Give every line from the entries that contains "both".

(Beginning of Recorded information)

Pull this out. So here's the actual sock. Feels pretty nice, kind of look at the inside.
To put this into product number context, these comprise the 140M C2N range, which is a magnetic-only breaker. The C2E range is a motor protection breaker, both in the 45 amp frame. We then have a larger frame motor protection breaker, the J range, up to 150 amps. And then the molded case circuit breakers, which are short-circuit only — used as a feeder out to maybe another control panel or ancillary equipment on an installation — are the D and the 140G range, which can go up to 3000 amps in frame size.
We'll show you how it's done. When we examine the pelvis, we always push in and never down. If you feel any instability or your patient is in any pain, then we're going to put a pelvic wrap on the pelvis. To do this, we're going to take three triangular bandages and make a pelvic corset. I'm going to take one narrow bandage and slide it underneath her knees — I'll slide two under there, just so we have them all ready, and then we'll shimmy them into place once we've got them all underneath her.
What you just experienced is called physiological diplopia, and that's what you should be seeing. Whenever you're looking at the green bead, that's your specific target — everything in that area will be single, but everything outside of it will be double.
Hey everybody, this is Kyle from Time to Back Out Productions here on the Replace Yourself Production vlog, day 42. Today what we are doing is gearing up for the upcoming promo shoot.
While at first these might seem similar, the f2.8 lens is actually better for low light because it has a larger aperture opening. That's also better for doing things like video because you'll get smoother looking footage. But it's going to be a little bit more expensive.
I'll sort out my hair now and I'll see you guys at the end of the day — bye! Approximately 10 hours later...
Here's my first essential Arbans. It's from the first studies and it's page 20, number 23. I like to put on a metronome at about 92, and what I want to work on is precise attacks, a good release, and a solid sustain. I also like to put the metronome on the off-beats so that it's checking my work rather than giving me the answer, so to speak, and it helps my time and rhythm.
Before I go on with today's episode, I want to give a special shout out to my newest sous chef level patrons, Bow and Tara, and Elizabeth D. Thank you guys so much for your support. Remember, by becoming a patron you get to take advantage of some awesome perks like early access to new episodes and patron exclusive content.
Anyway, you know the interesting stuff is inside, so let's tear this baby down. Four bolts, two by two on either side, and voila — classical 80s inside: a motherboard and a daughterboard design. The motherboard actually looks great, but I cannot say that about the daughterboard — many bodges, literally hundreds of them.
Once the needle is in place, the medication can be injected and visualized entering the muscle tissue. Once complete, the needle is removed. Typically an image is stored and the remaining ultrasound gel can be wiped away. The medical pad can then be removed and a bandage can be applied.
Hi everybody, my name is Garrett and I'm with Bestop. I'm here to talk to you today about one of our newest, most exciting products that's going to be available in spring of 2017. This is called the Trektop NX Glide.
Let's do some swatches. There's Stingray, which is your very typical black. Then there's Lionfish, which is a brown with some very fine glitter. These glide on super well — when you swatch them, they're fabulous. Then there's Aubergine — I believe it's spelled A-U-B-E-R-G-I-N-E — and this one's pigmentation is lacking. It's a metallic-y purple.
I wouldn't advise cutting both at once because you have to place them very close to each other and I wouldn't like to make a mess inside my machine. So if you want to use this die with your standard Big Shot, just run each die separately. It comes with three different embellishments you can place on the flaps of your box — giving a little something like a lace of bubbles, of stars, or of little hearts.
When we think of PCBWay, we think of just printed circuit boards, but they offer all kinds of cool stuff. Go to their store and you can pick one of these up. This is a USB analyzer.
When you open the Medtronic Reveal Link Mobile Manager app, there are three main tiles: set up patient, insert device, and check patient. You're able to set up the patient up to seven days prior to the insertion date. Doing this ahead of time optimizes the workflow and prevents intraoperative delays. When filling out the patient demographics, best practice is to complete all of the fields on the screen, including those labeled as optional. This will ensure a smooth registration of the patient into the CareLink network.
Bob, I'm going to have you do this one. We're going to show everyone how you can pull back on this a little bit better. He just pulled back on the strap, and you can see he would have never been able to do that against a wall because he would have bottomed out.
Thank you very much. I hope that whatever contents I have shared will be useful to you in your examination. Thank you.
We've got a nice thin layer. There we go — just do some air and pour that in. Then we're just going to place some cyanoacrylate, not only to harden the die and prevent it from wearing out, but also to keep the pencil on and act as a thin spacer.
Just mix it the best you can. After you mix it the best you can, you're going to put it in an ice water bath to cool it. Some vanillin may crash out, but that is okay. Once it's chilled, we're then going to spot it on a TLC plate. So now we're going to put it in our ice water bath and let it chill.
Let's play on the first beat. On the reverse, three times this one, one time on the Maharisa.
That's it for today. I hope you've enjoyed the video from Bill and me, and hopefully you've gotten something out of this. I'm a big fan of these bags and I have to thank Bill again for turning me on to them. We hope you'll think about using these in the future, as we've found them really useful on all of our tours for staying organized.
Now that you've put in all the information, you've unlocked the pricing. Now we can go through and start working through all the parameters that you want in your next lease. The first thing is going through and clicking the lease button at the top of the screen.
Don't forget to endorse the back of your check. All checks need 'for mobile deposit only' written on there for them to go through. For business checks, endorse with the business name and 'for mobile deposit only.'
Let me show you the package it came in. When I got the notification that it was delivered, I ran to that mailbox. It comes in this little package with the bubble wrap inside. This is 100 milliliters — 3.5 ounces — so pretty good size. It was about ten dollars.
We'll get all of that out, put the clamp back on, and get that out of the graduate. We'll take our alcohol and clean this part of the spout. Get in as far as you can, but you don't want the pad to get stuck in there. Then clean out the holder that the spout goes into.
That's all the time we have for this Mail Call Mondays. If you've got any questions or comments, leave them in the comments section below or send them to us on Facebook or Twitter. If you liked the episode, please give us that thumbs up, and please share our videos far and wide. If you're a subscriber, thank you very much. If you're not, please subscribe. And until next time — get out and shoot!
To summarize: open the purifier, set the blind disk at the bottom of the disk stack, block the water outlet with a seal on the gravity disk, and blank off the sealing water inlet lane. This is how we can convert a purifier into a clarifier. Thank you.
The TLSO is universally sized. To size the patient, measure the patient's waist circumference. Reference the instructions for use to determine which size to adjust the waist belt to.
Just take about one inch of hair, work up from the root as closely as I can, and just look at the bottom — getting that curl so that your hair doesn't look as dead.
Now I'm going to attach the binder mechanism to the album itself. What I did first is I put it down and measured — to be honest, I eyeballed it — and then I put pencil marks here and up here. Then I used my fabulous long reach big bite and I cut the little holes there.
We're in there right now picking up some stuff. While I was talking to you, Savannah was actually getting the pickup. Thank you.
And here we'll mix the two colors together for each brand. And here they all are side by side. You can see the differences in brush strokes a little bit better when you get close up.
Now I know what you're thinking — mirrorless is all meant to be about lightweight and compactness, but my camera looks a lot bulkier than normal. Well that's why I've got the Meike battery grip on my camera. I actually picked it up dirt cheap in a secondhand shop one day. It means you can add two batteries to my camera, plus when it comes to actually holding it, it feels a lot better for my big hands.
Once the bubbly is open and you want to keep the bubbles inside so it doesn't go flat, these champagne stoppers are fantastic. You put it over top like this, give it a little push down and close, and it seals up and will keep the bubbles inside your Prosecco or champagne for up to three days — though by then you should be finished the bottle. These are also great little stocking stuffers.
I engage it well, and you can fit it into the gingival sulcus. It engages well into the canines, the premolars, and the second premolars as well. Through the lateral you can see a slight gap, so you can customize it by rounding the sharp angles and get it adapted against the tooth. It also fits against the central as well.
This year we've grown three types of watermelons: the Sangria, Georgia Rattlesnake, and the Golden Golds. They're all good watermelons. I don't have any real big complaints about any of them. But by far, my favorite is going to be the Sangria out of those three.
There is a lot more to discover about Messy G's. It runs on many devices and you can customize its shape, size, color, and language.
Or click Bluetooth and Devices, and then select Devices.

(End of Recorded information)

Expected answer —
To put this into product number context, these comprise the 140M C2N range, which is a magnetic-only breaker. The C2E range is a motor protection breaker, both in the 45 amp frame. We then have a larger frame motor protection breaker, the J range, up to 150 amps. And then the molded case circuit breakers, which are short-circuit only — used as a feeder out to maybe another control panel or ancillary equipment on an installation — are the D and the 140G range, which can go up to 3000 amps in frame size.
I wouldn't advise cutting both at once because you have to place them very close to each other and I wouldn't like to make a mess inside my machine. So if you want to use this die with your standard Big Shot, just run each die separately. It comes with three different embellishments you can place on the flaps of your box — giving a little something like a lace of bubbles, of stars, or of little hearts.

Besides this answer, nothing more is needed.